Speech Analytics software is something we used to love going over at Voxbone. And although it’s not something we talk about a lot anymore, Voxbone is still compatible with speech analytics applications thanks to our technology partnerships. Read more here.
Yanny or Laurel? If you asked that question a week ago, you would be met with blank stares. Now, however, everyone has an opinion. In case you’ve been living under a rock: a strange audio recording of a computer-generated voice went viral when it became apparent that no-one could agree what the robot was saying.
A clear divide has created schisms between families, friends and co-workers, with some hearing ‘Yanny’ while others swear they hear ‘Laurel’. Stephen King was #teamYanny before later switching sides and then coming up with something else entirely. But Ellen DeGeneres came down in favor of #teamLaurel from the start. Just like The Dress before it (that one was Blue and Black, clearly!), this latest debate tells us plenty about how our brains process signals and the limitations of our senses.

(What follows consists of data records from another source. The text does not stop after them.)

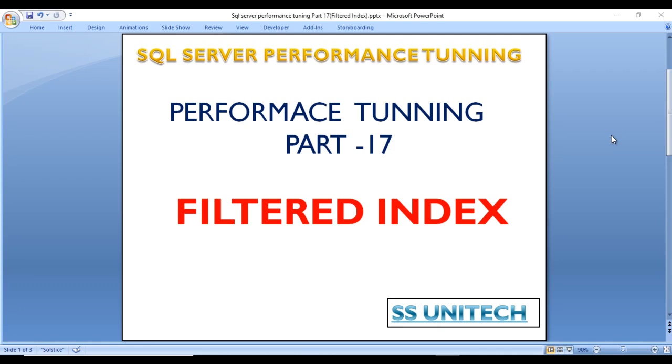Hello, welcome to SSVD Tech, Susil this side and this is a continuation of SQL Server Performance Training. Today we're going to discuss Filtered Index - what is Filtered Index and how we can improve performance by using it. Let's start with Filtered Index.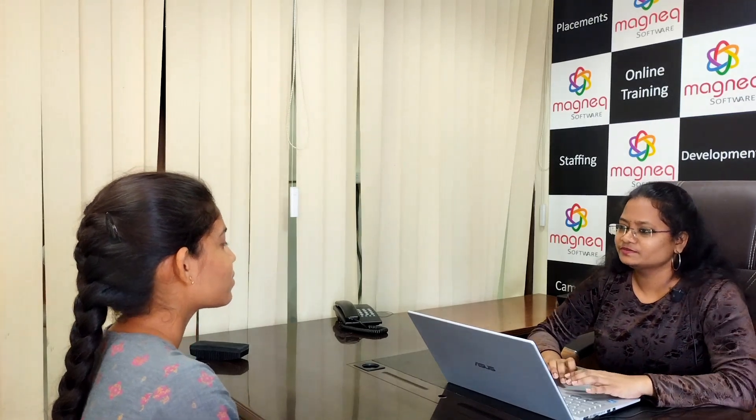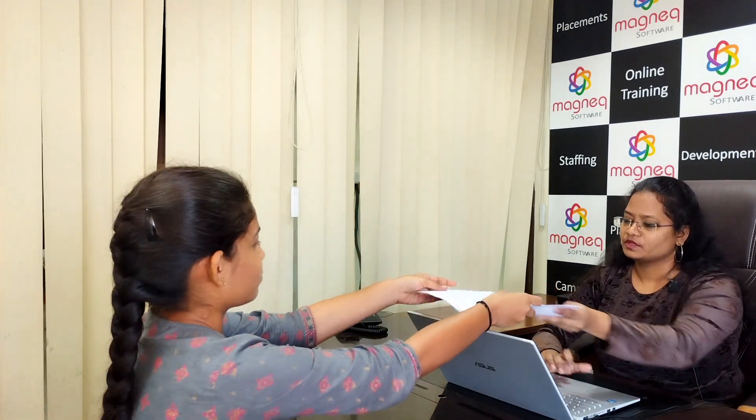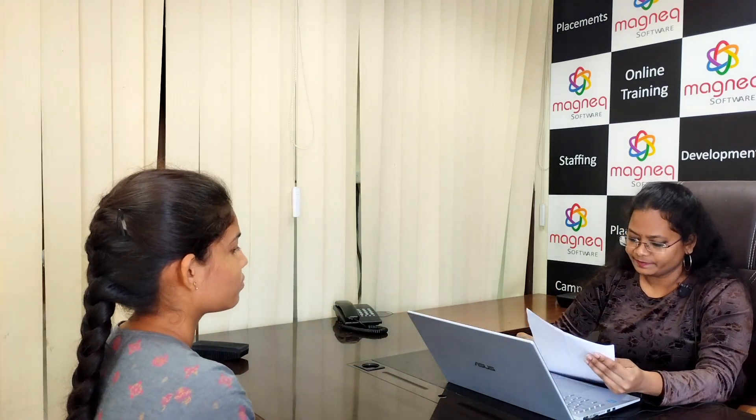Good morning, how are you? I am good, what about you? Fine. Can I have your resume? Yes ma'am. Your name? Vishnupriya. Where are you from? I am from Kadapa district.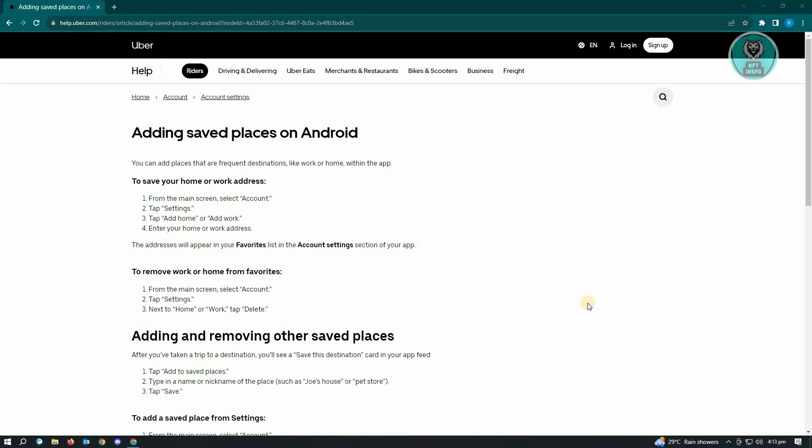So it's actually pretty easy. What we need to do here is add safe places on our Android device in our Uber application.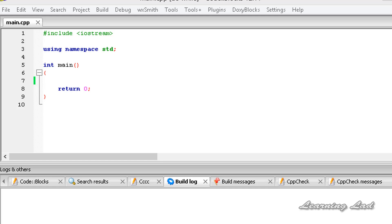Hi, this is Anil and welcome to the video tutorial for the Learning Lad on C++. In this tutorial we are going to be learning something called the do-while loop in C++.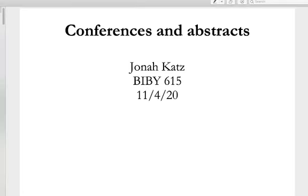Welcome. Today we're going to be discussing academic conferences and, connected with that, the writing of abstracts, which is the way that you apply to most academic conferences, at least in our fields of linguistics and applied linguistics. They're also useful for pairing with any kind of paper you're writing and for understanding the content of other papers in a quick, snappy way. So we're going to talk about abstracts a bunch this week.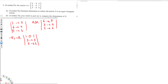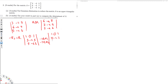Now I need to bring the entries below the pivot to zero. I multiply the first row by -3 and add to the second row (-3R1 + R2), and multiply the first row by -5 and add to the third row (-5R1 + R3). For R2: 0, then 0 + (-2) = -2, then -3 + 5 = 2. For R3: 0, then 0 + (-4) = -4, then -5 + 6 = 1.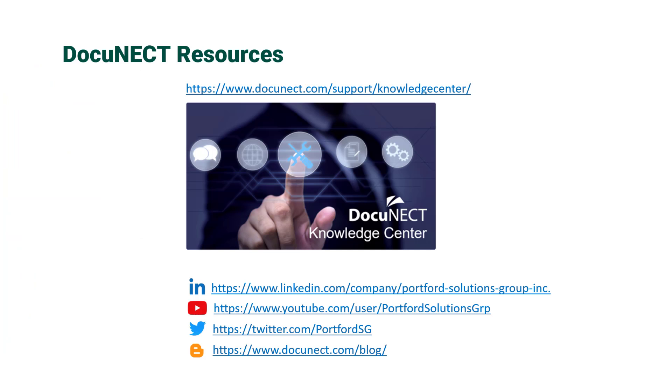Don't forget to check out our website where we have a lot of useful information. There's other videos on our YouTube channel, blog articles, and there's also our knowledge center that contains information, also our user manuals and admin guides as well. Thanks for listening.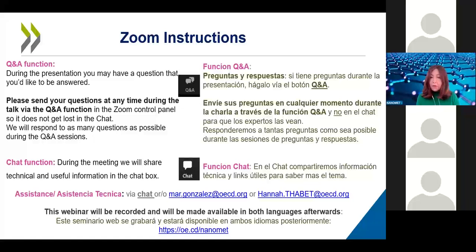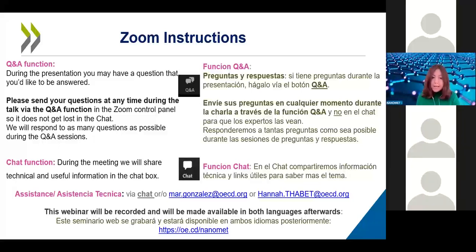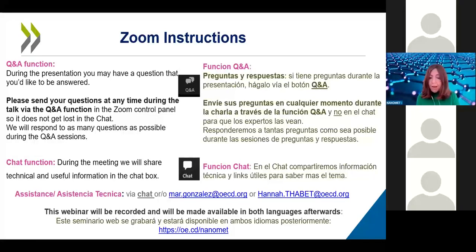The webinar will be recorded. Both English and Spanish versions, along with the slides, will be made available on the OECD public site afterwards. As a registered attendee, you will receive a notification in your inbox once materials are available. If you need assistance, you can message via chat or contact Hannah Tabet or myself, Marc Gonzalez.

But it doesn’t get us closer to truth. In this case, that it was a poor-quality recording from vocabulary.com that was meant to say ‘Laurel’. The reason some people hear Yanny is due to a variety of factors, including compression of the audio file in certain frequencies, the speakers through which the file is played and variations in the anatomy of our ears. This really highlights the disparity between what we hear with our ears and what we understand with our brains.
What does a machine hear?
How does AI comprehend this clip? Can it overcome those limitations listed above and understand the audio file as the ‘Laurel’ it was always intended to be? That’s the question our Speech Analytics team was eager to answer.

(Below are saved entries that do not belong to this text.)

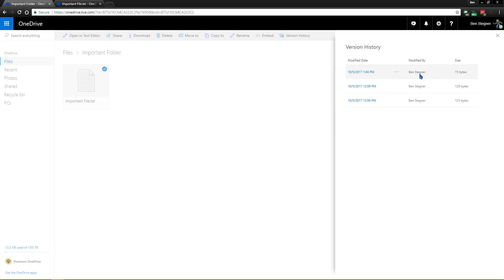But if you're using a file in OneDrive that you're sharing with multiple people, you'll see the names of the people that modified it here. So if somebody's trying to play a prank or something, you can easily see who made the change.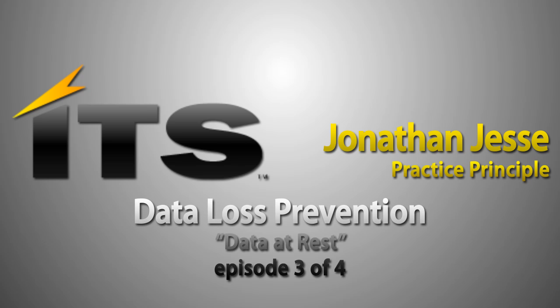Hello, my name is Jonathan Jesse, Practice Principal with ITS Partners. I want to thank you for spending time today to watch this video about Symantec Data Loss Prevention.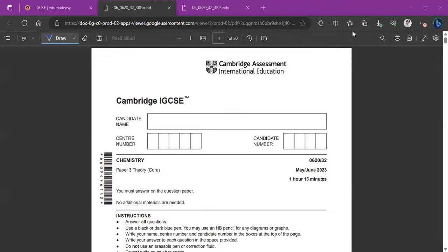Hello, everyone. Welcome to EduMadeEasy. We offer a collection of free resources for IGCSE and checkpoint exams. For more information, please visit www.edumadeeasy.com. Today, we're going to be solving the Chemistry 0620 paper 32 for the May and June 2023 series. Let's get started.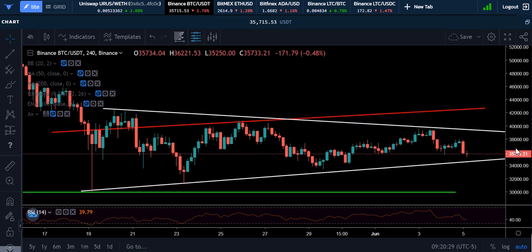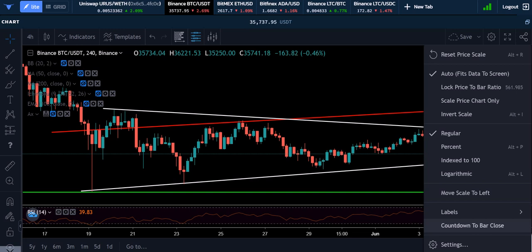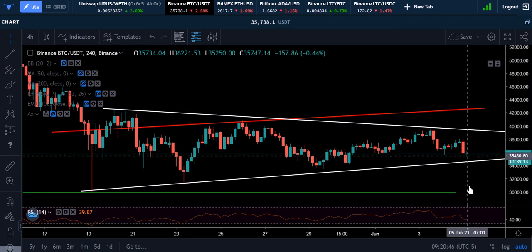So what you do is right-click with your mouse, or you can double-click if you have a laptop, and you come down here to 'Countdown to Bar Close.' You see how it now has a time — that tells you exactly how much more time is left in this candle.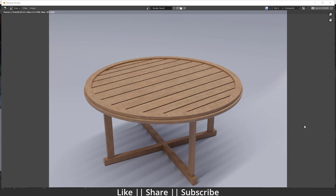Hello everyone, welcome to my YouTube channel. In this video we are going to talk about how we can model a round wooden table in Blender. We are also going to cover some modeling tricks, so make sure you watch this tutorial till the end.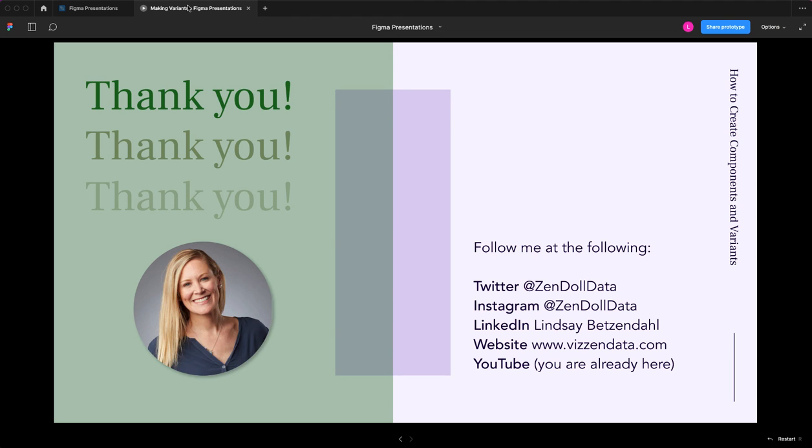Thank you so much for tuning in. And follow me on Twitter if you'd like. And if you have any other things you want to learn about Figma or ways in which you use Figma and Tableau and you want to learn some more, feel free to drop me a note or a comment and let me know. Thanks so much.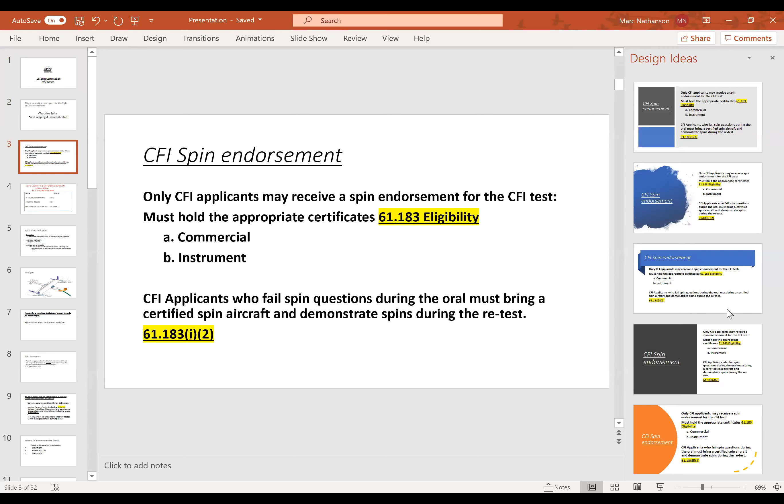For the CFI spin endorsement, I did some research and worked with the FISDO to find out who can receive the spin training. For the CFI, you must hold the commercial and instrument certifications — that comes under 61.183 for eligibility. The important thing to remember is that if you do not pass the oral questioning on spins, then you must bring an aircraft and demonstrate spins. That's in the same regulation under I-2. So really know what you're doing. Get in the books — the Airplane Flying Handbook is the main source of information.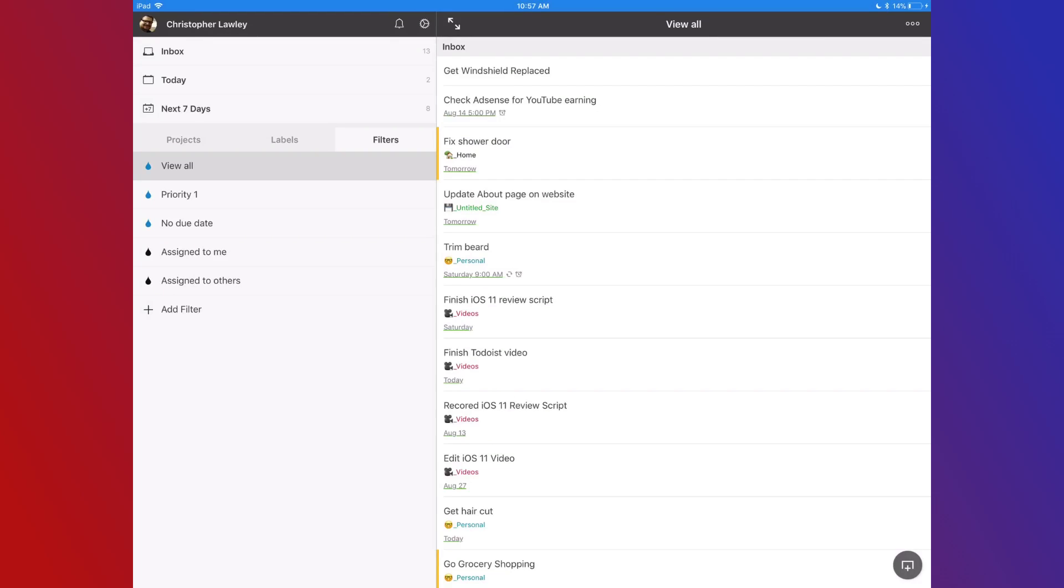To wrap up, I really like Todoist. I've tried a lot of task managers, but I think I'm going to be sticking with this one for a while. If you have any questions, leave them below. Thank you for watching. Please like and subscribe if you like what I'm doing here.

At Voxbone, we provide businesses with on-demand access to actionable insights on their phone calls from numerous leading speech analytics vendors in real time, via web or a centralized API. We provide one seamless integration with providers including VoiceBase, Google, CallMiner and Gridspace, so our customers can access them all through one unified API.
It’s safe to say that we were confident in our tech, but less so in the quality of the Yanny-Laurel audio sample. The results were certainly intriguing and tell us a great deal about the current state of AI-powered speech analytics!
We ran each of the following tests 50 times each to ensure maximum accuracy.
Test 1: Default configurations
We ran the audio sample with all of our partners using default configurations to begin with. We simply uploaded the uncompressed audio file in flac format and left it to their recognition engines to do the rest.
Unsurprisingly, none of them were able to decipher the audio in the clip, due to the strange accent of the computer-generated voice and the poor quality of the original source sample. The closest we got was ‘Well, well, well’ and ‘Yeah, yeah, yeah”. Back to the drawing board…
Test 2: Different dialects
We ran the same test across a variety of English-speaking dialects including Australian, Irish, British, Filipino, South African, Canadian, American and Ghanaian accents for English language. There was no difference in the results.
Test 3: Custom vocabulary
The power of machine learning is that it gets better the more you train it. Over time and with enough high-quality samples, the algorithms powering speech analytics become much more accurate. Each business has a unique lingo that these systems must be able to recognize. That’s why we have the ability to use ‘custom vocabulary’ sets – in effect, giving the algorithms hints about what certain words might be referring to.
Immediately at our first test run, there was a clear winner and we received the same result consistently…
That’s what we know the original source file was intended to say and that’s the transcription that our Speech Analytics platform returned!
What did we learn from this? Even machines were confused by the audio file that this week split the internet in half!
But transcription accuracy on speech analytics is improving all the time as the technology is based on machine learning, and accuracy can be exponentially increased by training these engines with custom vocabulary or phrase hints.
Our customers can configure custom vocabulary sets on a per-call basis via our API to improve accuracy and ensure that strange or unusual words related to their business are properly recognized.
It’s been an exciting journey working closely with them to ensure data extracted from their calls is transcribed accurately and that they find it strangely simple to receive AI-based insights into these conversations.